Input data:
------------------------------------------------------------
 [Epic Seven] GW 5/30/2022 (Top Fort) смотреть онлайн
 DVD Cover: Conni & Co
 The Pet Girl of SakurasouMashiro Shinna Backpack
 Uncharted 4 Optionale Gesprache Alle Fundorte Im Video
------------------------------------------------------------
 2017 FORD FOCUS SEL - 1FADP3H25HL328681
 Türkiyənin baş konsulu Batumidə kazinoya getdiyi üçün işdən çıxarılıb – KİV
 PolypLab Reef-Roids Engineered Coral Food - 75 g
------------------------------------------------------------
Directions for this task: Of the entries above, transcribe exactly those lines that fall between the line containing "[Epic Seven] GW" and the line containing "Uncharted 4 Optionale", together with those two lines.

Written solution:
 [Epic Seven] GW 5/30/2022 (Top Fort) смотреть онлайн
 DVD Cover: Conni & Co
 The Pet Girl of SakurasouMashiro Shinna Backpack
 Uncharted 4 Optionale Gesprache Alle Fundorte Im Video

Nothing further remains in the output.